Today an old friend of mine recounted how her husband had fallen out with his own mom ever since she refused to relieve part of their burden by taking care of her daughter and how on one occassion she had to cajole her daughter's childcare teacher who was on her off-day into taking care of her sick daughter for the day. Realising I wasn't alone in the same plight of having no maid or any other help with my children, I began to wonder if there were a lot of people like me who have fallen through the cracks of the social system. I recalled during the General Election, one of the Opposition Parties found out that many old folks in Singapore were worried about falling sick. For my friend and I, it was about praying hard that the children would not come down with a bout of fever or flu that would result in denial of entry to the centre and no childcare for that day.
It's been already two years since I surrendered my corporate climb to join the part-time work force. In all honesty, I had never entertained the idea of quitting work for the family until Jerrie entered Primary One. As much as I would love to return to work full-time (Oh, how I miss the adrenaline rush from work achievements much more than the luxury of living on a dual income!), I just cannot imagine where the panacea to all my childcare woes could be sourced from. When holding on to a full-time job, I could never understand what people meant by striking a work-life balance. Resigning to a work-life imbalance sounded more realistic. Whenever the kids fell ill (and Jerrie was quite a sickly child then), we had to literally plead for help to take care of the kid for a day or two while we rushed off to attend meetings. On discovering how crappy and irresponsible the before-and-after school care was, I tried not to mull over it to repress the stabbing guilt. Many people couldn’t comprehend why we were so resolved on not hiring a maid to help out with the kids just like everybody else. Too non-conformist or too idealistic thinking? I'm altogether not too sure either. Simply put, I could hardly imagine relinquishing the role of caring for my young kids to a foreign maid.

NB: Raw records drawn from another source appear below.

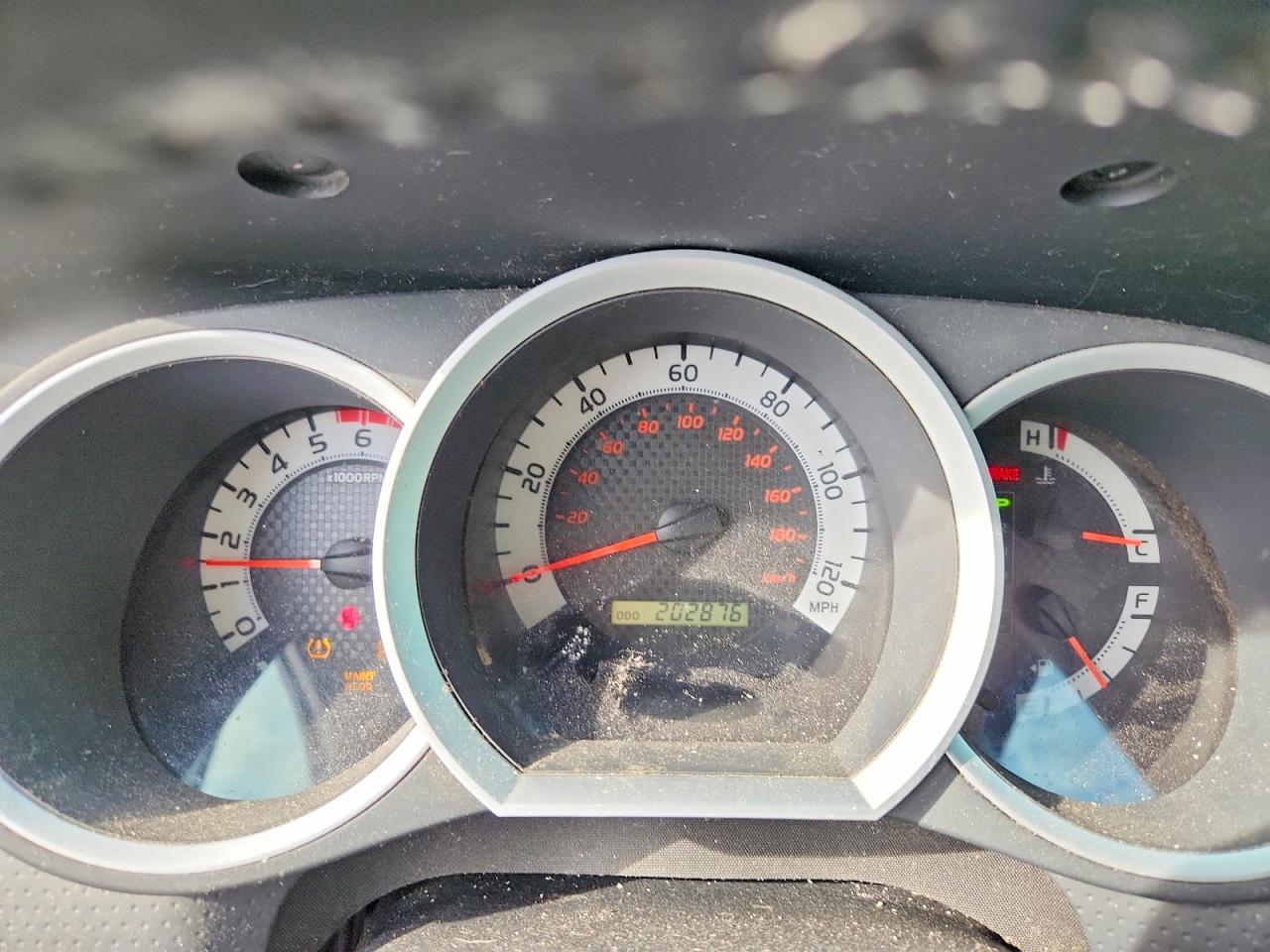Toyota Tacoma V6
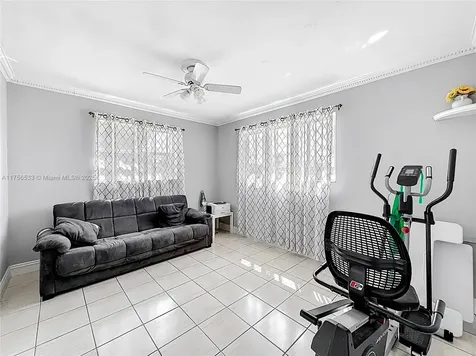 7161 SW 11th Street Pembroke Pines FL 33023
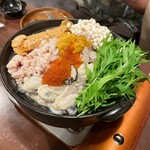 コジーナ邸 鶏白湯ラーメンと豪快な居酒屋料理＆鍋 - メイン写真:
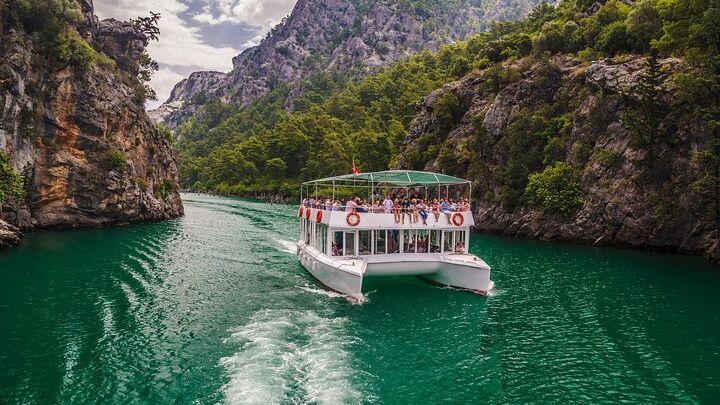 Green Canyon Boat Cruise Full-Day Tour from Alanya with Lunch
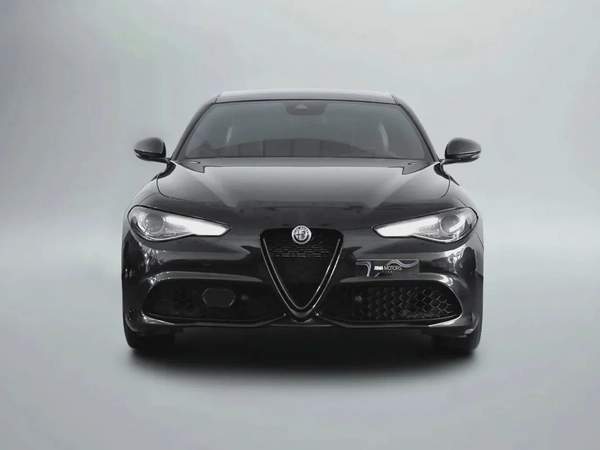 2,770 AED / 60 months | 0% DP | 2023 Alfa Romeo Giulia Estrema / Alfa Romeo Warranty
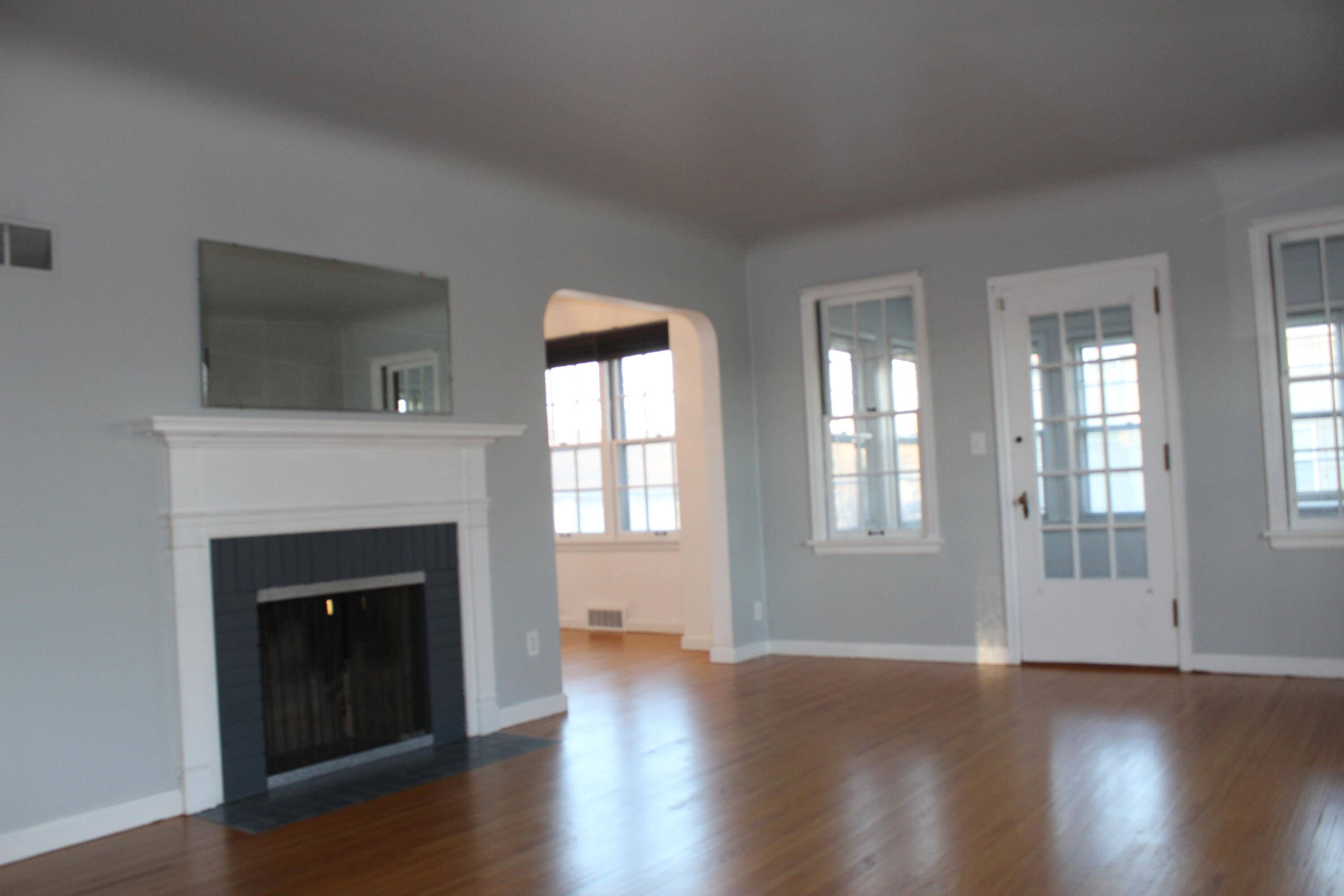 676 W Michigan AVE, Saline City, MI 48176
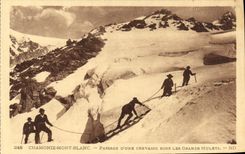 Paso de Chamonix Mont Blanc de la POSTAL de la VENDIMIA de una grieta bajo alpinismo grande de las mulas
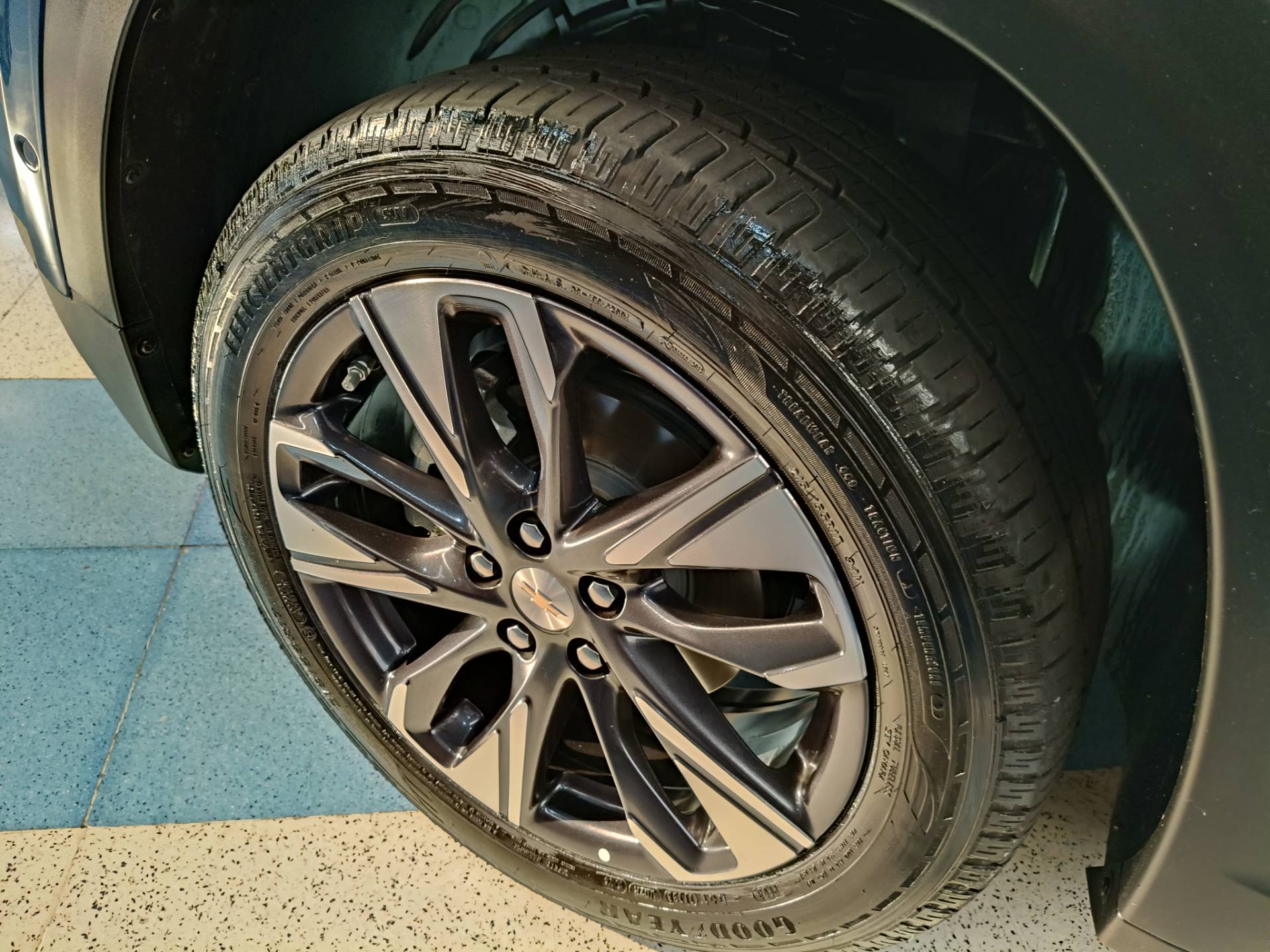 CHEVROLET TRACKER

It was then far from easy to save my sanity when I had to aim for excellent work performance and also think about meeting the needs of my kids at the same time; when I had to make sure either my husband or myself could make it to the childcare centre in time to collect the kids from Monday to Friday; when I would rebuke myself for ending up paying the late fines on days when I was not able to come up with a reasonable excuse to end the meeting earlier and reach the centre before 7pm; when I had to stop questioning why my heart could become so callous as to let my kids eat take-away food from the hawker centre seven days a week; when I just didn't know where to turn my seemingly unrepentent face away from the penetrating eyes of the childcare teacher who informed that I had time and again failed to read my child's communication book and missed signing her up for some particular centre activity; when I had to drop everything at work and rush home after receiving calls from my daughter who was weeping in trepidation on the other end of the line and sounded as if she was on the verge of freaking out after finding out she had forgotten to bring a book or stationery expected by her ferocious teacher; and when I felt there was no choice but to shut myself off from finding out how the child was coping in school because all energy seemed to have departed after work and I felt too depleted to care. Every morning, before enough strength could be braced to figure how to make a break from the rut of everyday challenges, I found myself wedged behind the running wheel of a bewildering roller coaster ride. And as each day slipped by, each one like the last, it dawned on me that I was forging forward but barely getting by.
Another friend had taken the plunge to be a stay-at-home mum some ten years ago. She recently shared with me how in the first few years she would stress to her children that she had given up her career to coach them and they better not let their grades slip, and how her husband had labelled her as "an unwilling housewife". Why do stay-at-home mums often feel that they had made a great sacrifice? Let's face it, it's an under-appreciated role in the society. Working mums are affirmed and incentivised by the government while stay-at-home mums are brushed aside and even slapped with steeper childcare fees. What message is being passed on here? Working moms are contributing more to the society? Then what about moms who had to send a child to full-time childcare to have more time for another schooling child or other family commitments? In a nation so hardwired for fostering economic growth and competitiveness, we stay-at-home-mums have paled into insignificance. Even with a part-time job now, having to make arrangements with my husband to make sure there’s always someone at home with the young kids remains a constant effort. A mere triviality it may seem, but with no maid or any other help in the picture, I do question if others could imagine how entangled people like us actually felt about appearing in gatherings or places without the kids. On one hand working moms are much valued, and on the other, they are beseeched to produce more children to boost the Total Fertility Rate, save the shrinking population, and ease immigration tensions, but oh man, where is all the help and support coming from?!